Welche Sender sie meint, die ihren Zenit bereits überschritten haben, sagt Hofem in dem Interview nicht. Man befinde sie aktuell in einem sehr dynamischen Markt, so die Netflix-Chefin, die dennoch nicht an ein Abklingen des Streaming-Trends glaubt. "Ein Ende der Streaming-Ära ist nicht in Sicht. Ganz im Gegenteil: Streaming ist die Zukunft", sagt sie. Hofem gibt in dem Interview auch einen kleinen, aber seltenen Einblick in das Geschäft von Netflix im deutschsprachigen Raum. So verrät sie, dass 19 Menschen im Content-Bereich für Netflix in DACH arbeiten. Unterteilt sei dieser Bereich in Serien, Filme, Non Fiction und Lizenz. 

Die Lizenz-Abteilung hat unter anderem dafür gesorgt, dass ARD-Serien wie "Weissensee" und "Charité" inzwischen bei Netflix zu sehen sind. Das seien Serien, "die sich eher an das klassische ARD- oder ZDF-Publikum wenden", sagt Hofem. Bei Eigenproduktionen konzentriere man sich aber auf das junge Publikum. Schon beim Launch von Sat.1 Gold sei das bei ProSiebenSat.1 eine große Diskussion gewesen, so Hofem. "Da hieß es, wir bräuchten mehr für die Best Ager, mehr Apotheken-Umschau-Formate." Das sieht die heutige Netflix-Chefin ganz anders. "Der Zuschauer will viel lieber das sehen, was die Jüngeren sehen. Er identifiziert sich lieber mit Jüngeren, ganz einfach, weil er sich dann selbst jünger fühlt und so auch nochmal andere Perspektiven einnehmen kann."

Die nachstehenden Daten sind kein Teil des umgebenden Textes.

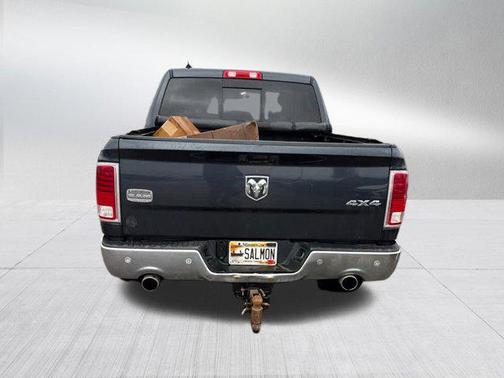 2016 RAM 1500 Longhorn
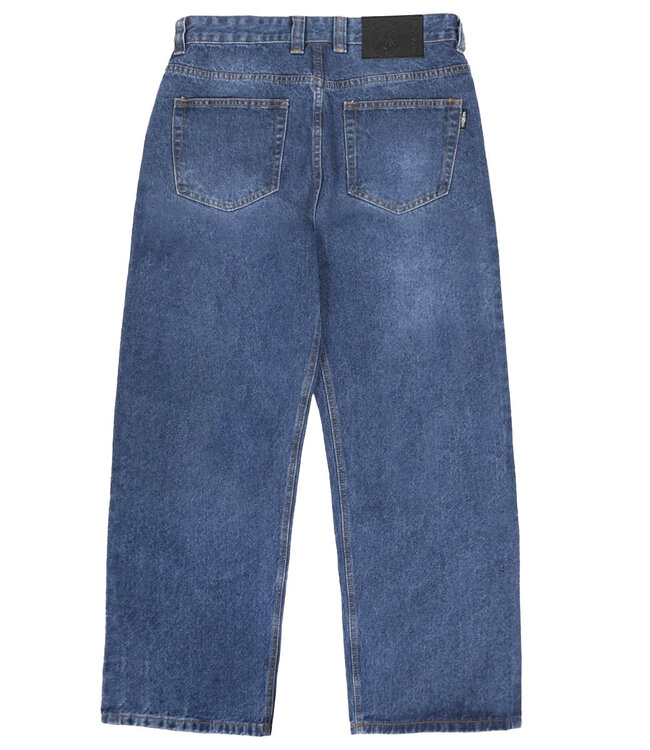 WASTED PARIS Pant Casper Feeler - Washed Blue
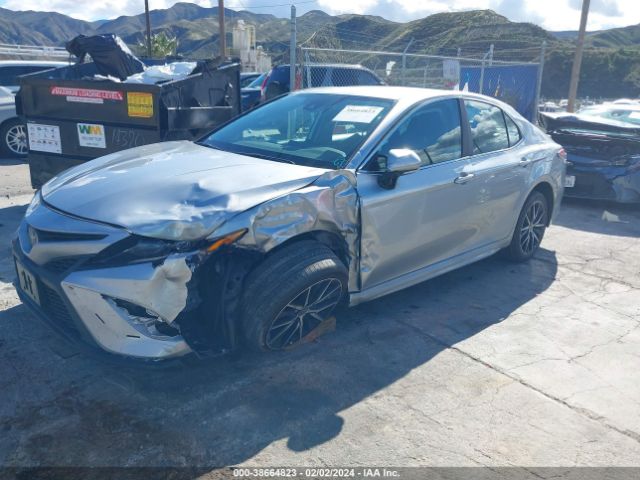 Photo 1 VIN: 4T1G11AK2PU837946 - TOYOTA CAMRY 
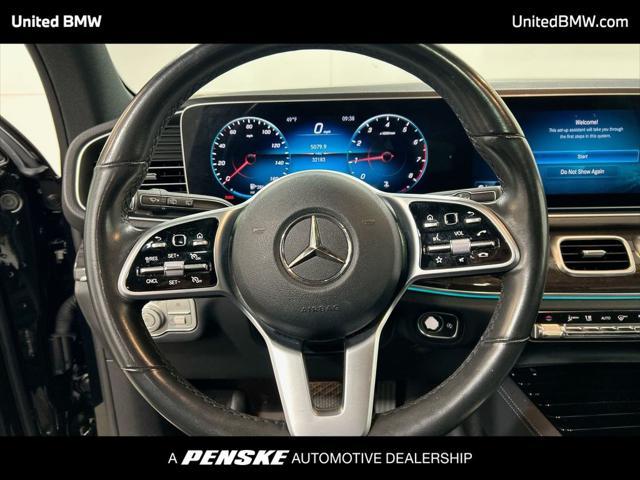 used 2020 Mercedes-Benz GLE 350 car, priced at $33,460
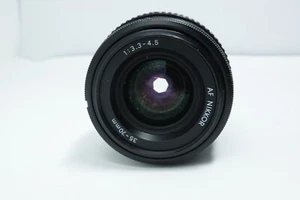 Nikon AF Nikkor 35-70mm f/3.3-4.5  Lens (no Caps) - Picture 1 of 10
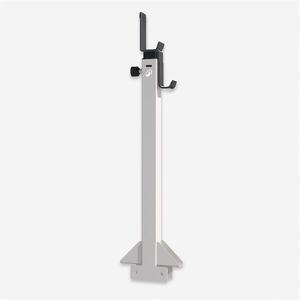 Soporte Izquierdo Recambio Rack Plegable 120 kg Musculación
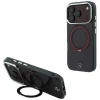 iPhone 18 Pro / 17 Pro bordové puzdro Mercedes-Benz Ring Stand Iconic Logo MagSafe thumbnail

In dem Interview mit der "turi2 edition" erzählt Hofem auch, dass sie eigentlich wahlweise Tierärztin oder Auslandskorrespondentin beim "Spiegel" werden wollte. Den entscheidenden Schubs in Richtung Fernsehen brachte dann schließlich "Wetten, dass..?". 1989 war sie dort als Wettkandidatin zu sehen, mit neun anderen Freundinnen wettete Hofem, zu zehnt in einen Passbildautomaten zu passen, sodass alle auf dem Foto zu sehen sind. Hofem gewann die Wette und war angefixt von der Arbeit hinter den Kulissen der Show. "So möchte ich auch einmal werden. Das will ich machen", habe sie sich damals gedacht, als sie gesehen habe, wie die Aufnahmeleiterin arbeitete.